This is more to describe what happened: After restarting `tools-webgrid-generic-1404`, `qmaster` died constantly with `/var/lib/gridengine/spool/qmaster/messages` saying:
09/24/2015 14:56:01|worker|tools-master|Efirstname.lastname@example.org reports running job (11474.1/master) in queue "email@example.com" that was not supposed to be there - killing
09/24/2015 14:56:09|worker|tools-master|E|writing job finish information: can't locate queue "firstname.lastname@example.org"

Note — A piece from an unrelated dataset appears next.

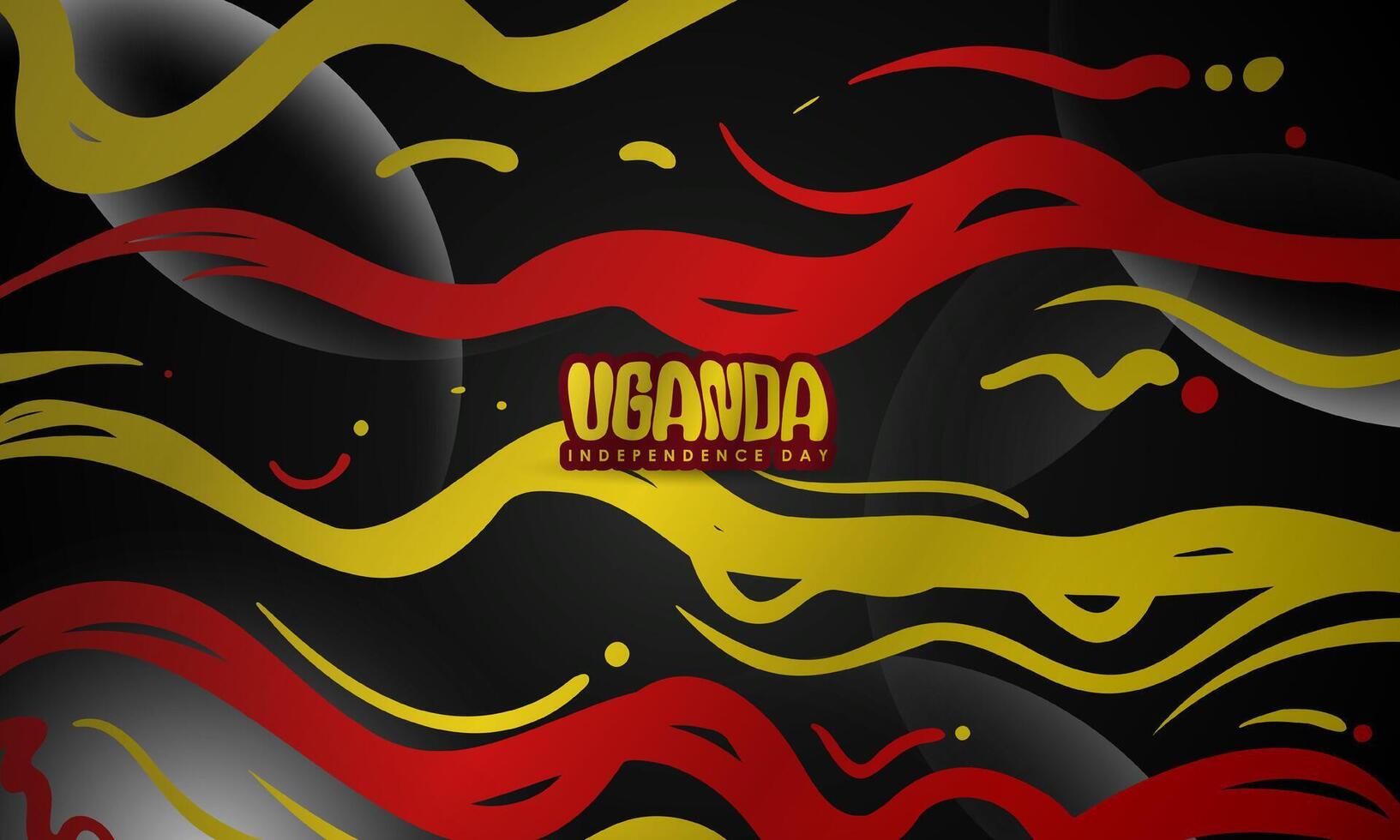 uganda independence day background with flat red and yellow smoke design flying on black background. Also good template for uganda national day vector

09/24/2015 14:56:09|worker|tools-master|W|job 1766173.1 failed on host <unknown host> before writing exit_status because: shepherd exited with exit status 19: before writing exit_status
09/24/2015 14:56:09|worker|tools-master|C|!!!!!!!!!! got NULL element for QU_rerun !!!!!!!!!!

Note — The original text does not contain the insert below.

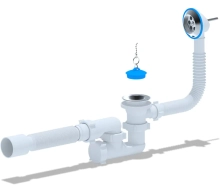 Сифон для ванны 1 1/2"х40 с переливом и гибкой трубой 40х50 мм АНИ Грот E255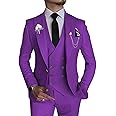 Wangyue Men's 3 Piece Slim Fit Suit Double Breasted Suit Men Formal Suit for Wedding Prom Dinner Party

So I added the host back to `host_aliases`, restarted `gridengine-master` and `gridengine-exec` on the host and everything seems to be fine so far.
I'll try again (restarting `gridengine-master` and `gridengine-exec` with `host_aliases` //not// containing the host) in a few hours to see if it the old jobs just needed to be purged from some list.
More importantly, I'm interested in how to avoid this :-). I had looked at `qhost -h $hostname` and it was empty, and so I never would have assumed that a reference to that host was anywhere. I rechecked that it didn't appear in any queue execution host lists, so the only reference indeed seems to have been the host itself.